戦時下は「子どもの命より大事なもの」保管した奉安庫、目黒区の小学校で発見 今は「大谷翔平グラブ」も入れて

2024-07-06     HaiPress

戦時下、天皇皇后の肖像写真「御真影(ごしんえい)」や教育勅語の謄本を保管した「金庫式奉安庫(ほうあんこ)」が、東京都目黒区立原町小学校の職員室で見つかった。奉安庫は戦後に処分された例が多いが、同校では本来の用途は忘れられ、書類などを保管する収納庫として使われ続けていた。戦後79年を迎える8月にも、区めぐろ歴史資料館で一般公開される。

金庫式奉安庫戦前の学校では御真影などの保管のため防火性の高い「奉安殿」が建てられ、鉄筋コンクリート造の校舎が普及した都市部では、校内に置く金庫式奉安庫が多く設置された。金庫式は大正期の広告で「1130度の高熱に約6時間耐えられる」と紹介された。敗戦後の1945(昭和20)年12月、連合国軍総司令部(GHQ)が国家神道の禁止や政教分離の徹底を示した「神道指令」を発した後、奉安庫や奉安殿は多くが撤去された。

◆職員室で金庫として使用、側面には給食献立表を張り…

「ずっと使い続けてきたが、誰も気付かなかった。まさか貴重な物だったとは…」。同校の加藤明恵校長は、金庫式奉安庫の「発見」に驚きを隠さない。

目黒区立原町小にある古い金庫を見る加藤明恵校長(右)とめぐろ歴史資料館の篠原佑典さん。物入れとして使用していたが「金庫式奉安庫」と判明した=東京都目黒区で(川上智世撮影)

資料館によると奉安庫は金属製で縦62センチ、横97センチ、高さ121センチ。重さは数百キロとみられる。三重扉の一番外側は厚さ15センチで、多くの奉安庫と同様に鳳凰(ほうおう)の絵柄、二重目には皇室を示す桐(きり)の紋章が入っている。

職員室の金庫に保管されていた1940(昭和15)年の「校規」には、当直任務について「御真影並勅語(ちょくご)謄本ノ奉護」「奉安庫鍵ノ保管」と書かれており、奉安庫は1934年の開校間もなく使われ始めた可能性が高いという。

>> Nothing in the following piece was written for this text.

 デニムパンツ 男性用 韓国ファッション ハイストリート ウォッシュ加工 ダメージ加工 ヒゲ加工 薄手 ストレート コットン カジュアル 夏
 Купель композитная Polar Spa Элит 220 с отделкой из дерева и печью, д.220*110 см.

㊨原町小学校で発見された東京市原町尋常小学校の校規㊧東京市原町尋常小学校の校規に書かれている「2.奉安庫鍵ノ保管」の文=東京都目黒区で

3月に別の調査で訪れた資料館の篠原佑典研究員が「職員室の金庫に、桐の紋章がある」と副校長から聞いたのが、「発見」のきっかけだ。篠原研究員が確認すると、職員室の片隅にあった奉安庫の側面には、給食の献立表などがマグネットで張られていた。今年春に大リーグの大谷翔平選手から贈られたグラブも、使用時以外は保管されているという。専門家に問い合わせるなどし、紋章や見つかったときの状況などから本物と確定した。

篠原研究員によると、奉安庫は戦後、皇室関係の要素を取り除けば金庫としても使えた。ただ重くて使いづらく、多くは校舎の建て替え時などで廃棄されたとみられる。23区内の小学校ではほかに、台東と文京両区で計4基が確認されている。

戦時中の子どもたちは、奉安庫の前で角度の深いおじぎ「最敬礼」をしなくてはならなかった。篠原研究員は今回の発見について、「現在とは大きく異なる教育のあり方を示す資料の一つとして、大変貴重なもの。後世に伝えていきたい」と話した。(中村真暁)

◆「戦前教育の異常性伝えるもの」日大・小野雅章教授

日本大の小野雅章教授(日本教育史)によると、空襲による火災時などは御真影や教育勅語の謄本を「奉遷箱(ほうせんばこ)」に移し、子どもの命に優先して安全な場所に移すことが、学校側にとって最重要任務とされた。

小野教授は「金庫式奉安庫は戦前の教育の異常性を伝えるもの」と指摘。子どもたちの発達と成長の保障以外のものを学校側が重んじる発想は、現在の教育現場における国旗掲揚や国歌斉唱の強制にも見られるとし、「決して過去の問題ではない。過ちを繰り返してはならないと考えさせられる」と話した。